This is a work in progress.

Modern web servers like Hyper utilize a work stealing threadpool executor like Tokio.

These executors operate on the basis of cooperative multitasking and work stealing, usually across multiple threads. What follows is a high level overview of how Tokio is designed: The number of worker threads defaults to the number of logical cores of the machine. Work items are enqueued onto buffers on each worker thread. A worker thread that has nothing to do may steal work items in the queue of another worker thread.

Inside the worker threads, work items are expected to yield back to Tokio quickly after being polled to make progress. For work that is blocking, Tokio contains a fairly large number of blocking threads which are dedicated for blocking tasks and which are context switched for progress by the operating system.

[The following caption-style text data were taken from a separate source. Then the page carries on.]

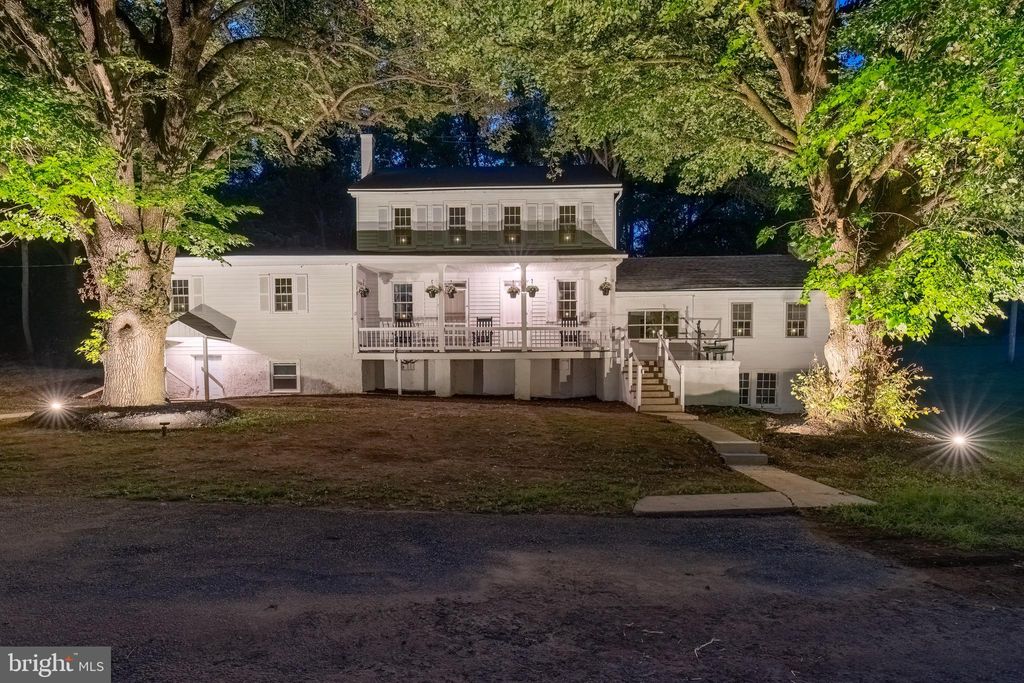 Photo of 213 Fannie Avenue, Lancaster, PA 17602 (MLS # PALA2041336)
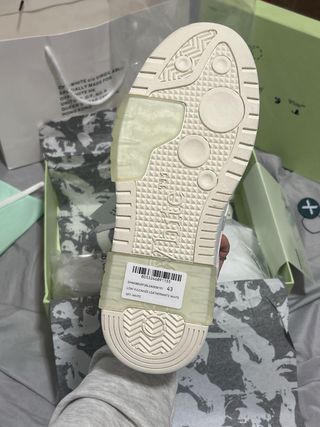 Scarpe Off-White x StockX, EU 43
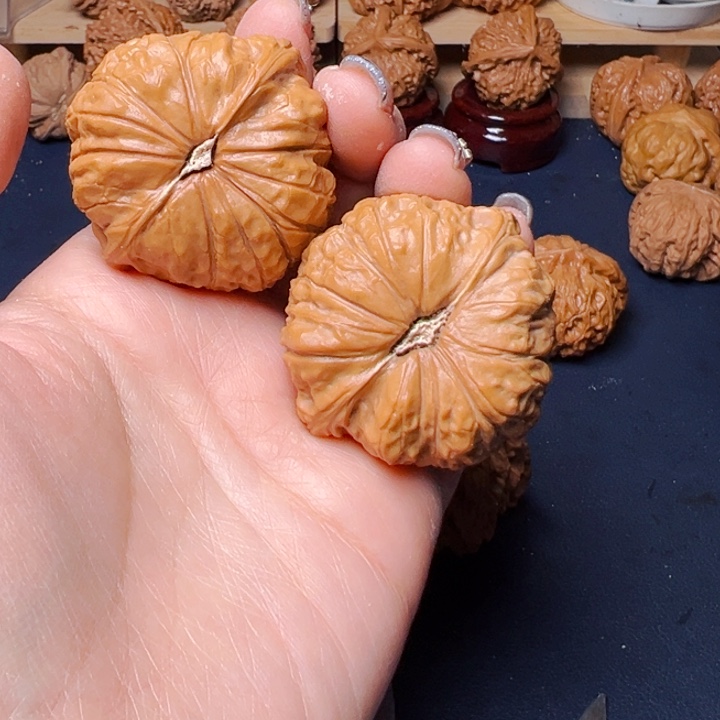 文玩核桃吊坠南瓜饼46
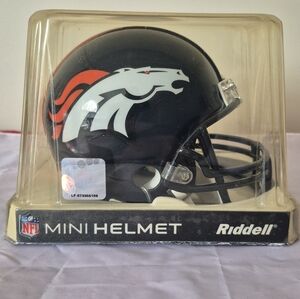 Riddell NFL Denver Broncos Mini Helmet VSR4 NEW IN BOX Scale 1/4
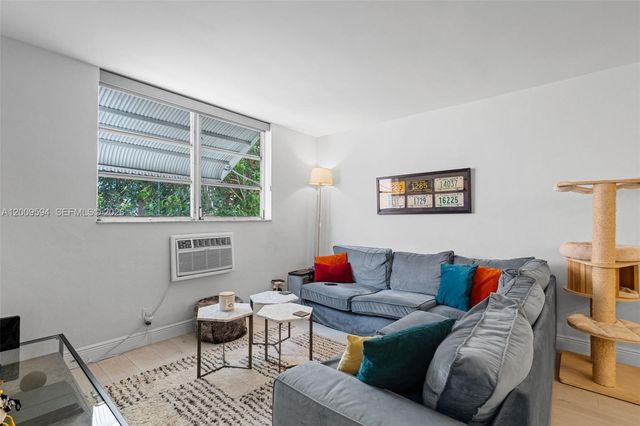 915 Jefferson Ave 2E, Miami Beach, FL 33139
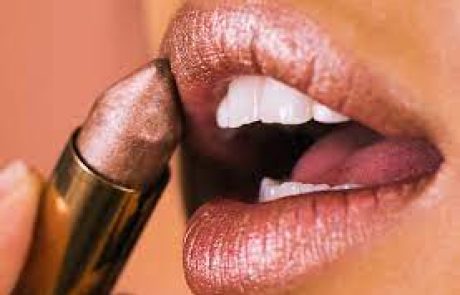 Une entreprise française transforme les déchets en maquillage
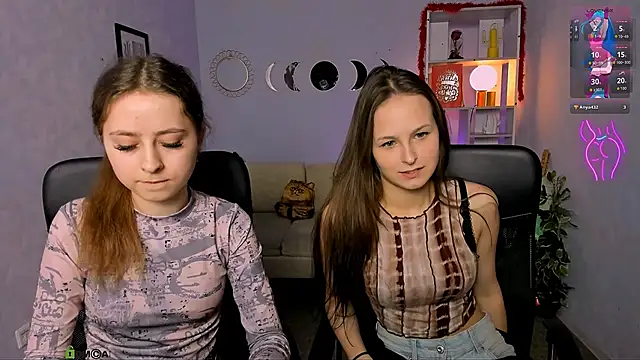 rebecca smile online show from 04/27/26, 12:58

For yielding back to the Tokio executor, an async await abstraction is used as a signal.

Both Tokio and Hyper have many great advantages: ergonomics, legibility of async await code, and powerful abstractions.

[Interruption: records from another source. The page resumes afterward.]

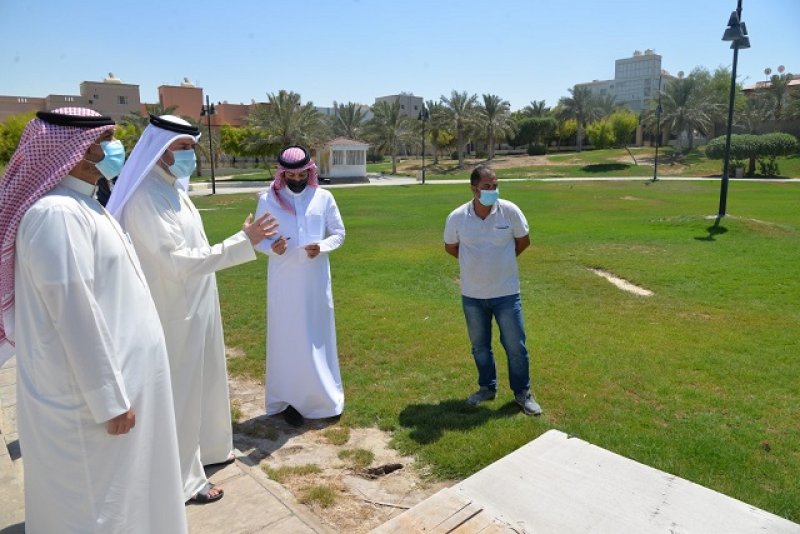 "البلدية الجنوبية" تبحث خطة صيانة وتطوير مرافق حديقة خليفة الكبرى 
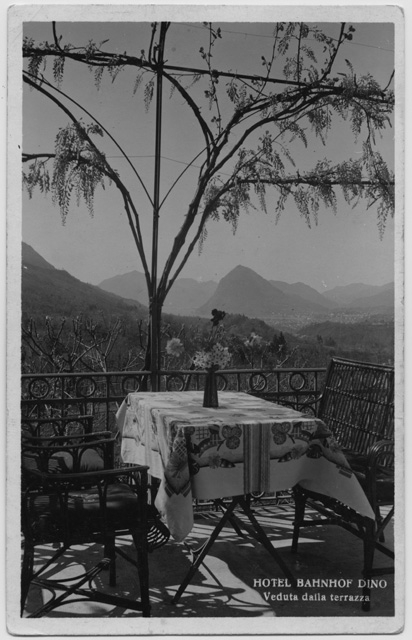 Terrazza dell'Hotel de la Gare a Dino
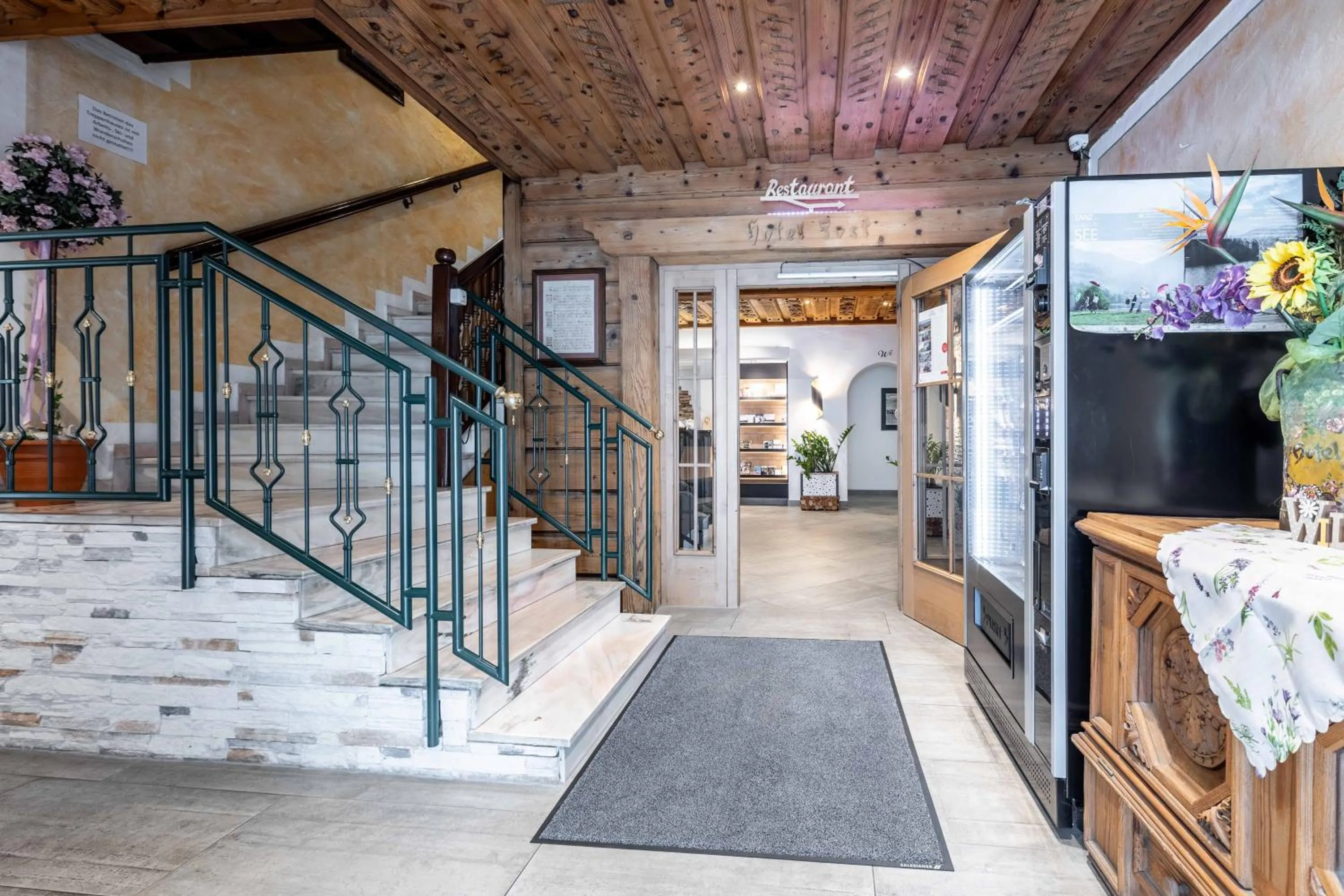 Hotel Post by keyone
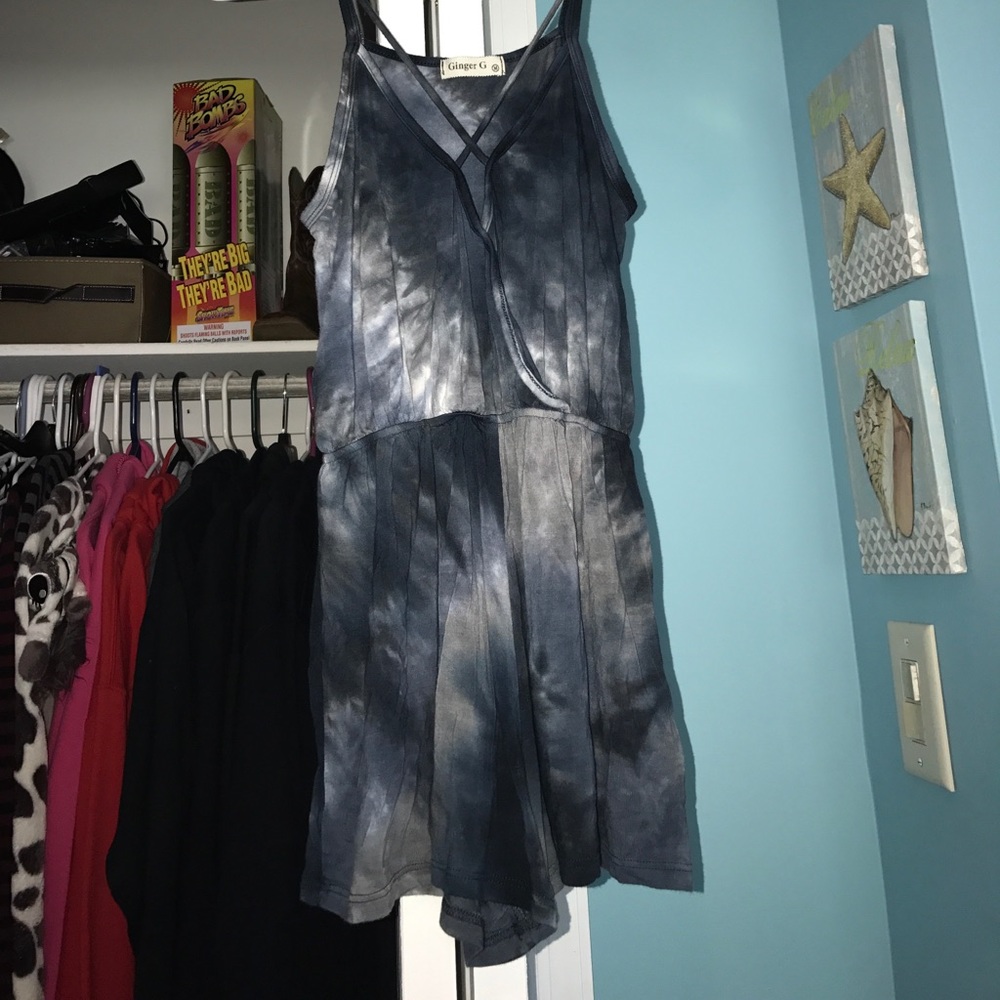 Comfy grey tie dye romper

However, there are some unfortunate pain points when using Tokio for multithreaded workloads. For one, the work items should not be blocking or compute heavy, otherwise all the work on the queue for that worker will need to be stolen in order to make progress. Second, it isn't trivial to know based on function signature whether or not a task is blocking or not. Third, the illusion of infinite parallelism provided by such Executors is expensive; the illusion is supported by rapid context switching (between threads) which often flushes the cache instruction cache. If your application involves a mixture of IO driven code with compute based code, then the processor will have to context switch between worker threads and blocking threads regularly, which may eat a bunch of cycles.

This is an experiment to see if I can produce a more efficient webserver for high throughput use cases.

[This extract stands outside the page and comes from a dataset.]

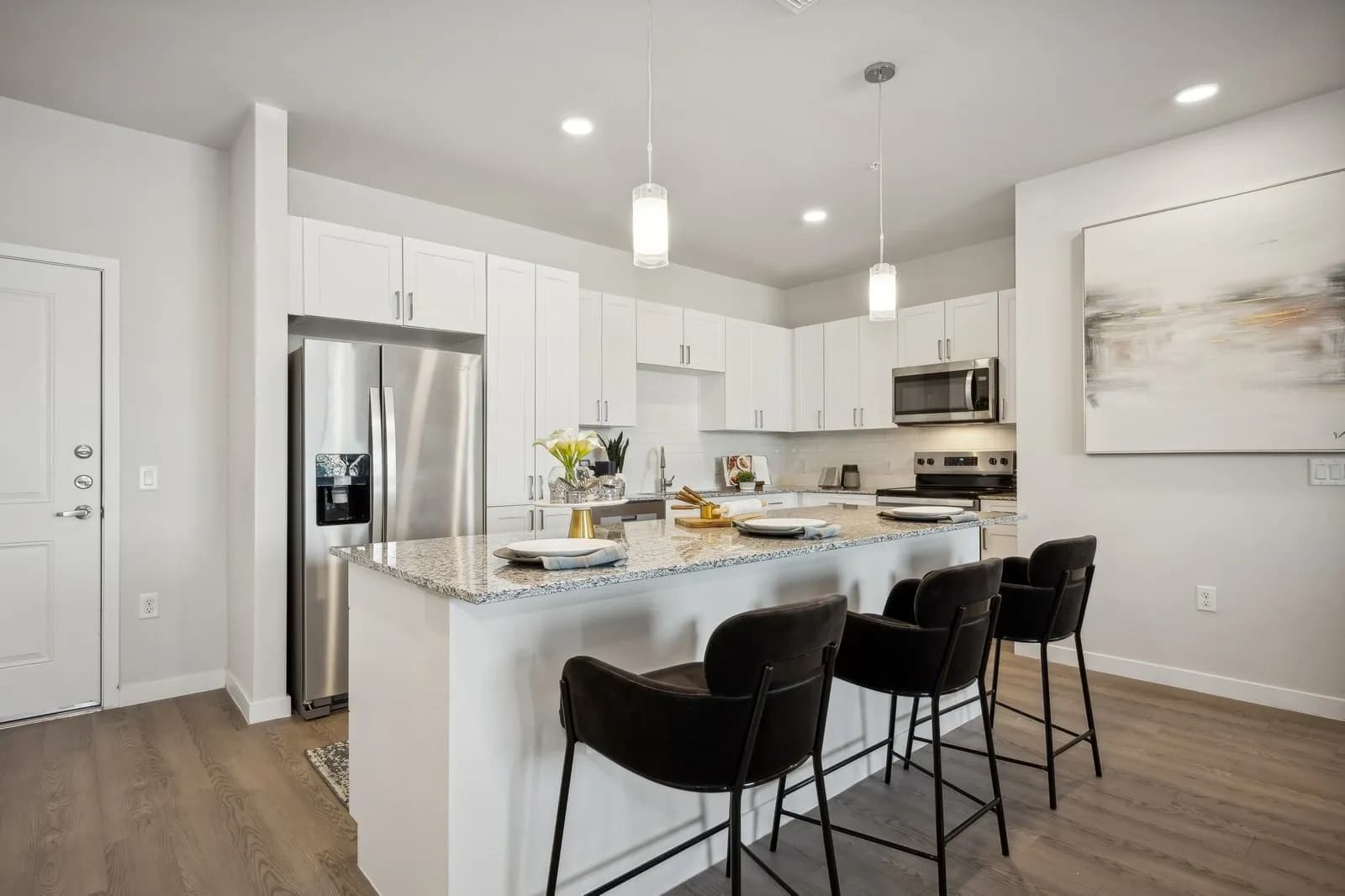 Longbow Luxury Apartments – photo 4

The key word here is efficiency. The goal is to support and resolve as many concurrent connections as possible on low end hardware.

Instead of forcing the client to separate code into blocking and nonblocking work, this webserver is designed to allow intermixing async and synchronous operations.

The high level overview of how this is designed is:

A number of worker threads that defaults to the number of logical cores of the machine, just like Tokio. One large thread local ring buffer for each worker thread. No work stealing at all; each logical core runs through its buffer on a loop; doing compute intensive work inside this loop is fine. Asynchronous operations like disk and network IO are arranged via an event loop (mio); the hardware responsible for those operations can work while the processor does compute on these buffers. Instead of context switching out of an await point, we just schedule the asynchronous work in the background with a kernel call that returns immediately, and eventually an event will be surfaced for the result.

The ring buffer is broken up into segments, typically the length of a page. To process a request, processing occurs in stages:

1. Segment is decrypted in place.
2. Segment is decompressed in place.
3. Segment is decoded in place.
4. Segment is transmuted to the layout of the corresponding rust types in place.
5. Processing on the rust types occurs.
6. Segment is encoded in place.
7. Segment is compressed in place.
8. Segment is encrypted in place.
9. Segment is flagged to be transited out of the server.

For many of these, knowing or being able to roughly approximate the length of the resulting byte sequence before it is executed is important. For example, base64 data encodes arbitrary 3 bytes into 4 characters which each take 1 byte. When decoding in place, we immediately know that the last 25% of the segment will become unused. Likewise, when encoding in place, we need to leave 25% headroom to expand into so that we do not have to shift bytes in the circular buffer. This framework will be able to compute the appropriate segment length and will use Vectored Reads/Writes to read/write these segments, even if they are non-contiguous, with just a single syscall.

To limit the thrash of L1 cache, each segment is fully processed (if possible) before processing the next segment. This isn't always possible, depending on the interdependencies between segments, but will be done if possible. Because our access patterns are regular and predictable, a special PREFETCH machine code is used to acquire the next segment without stalling the CPU pipeline.

Work in progress; a lot remains to be implemented, am still architecting the core traits of the library and exploring the design space.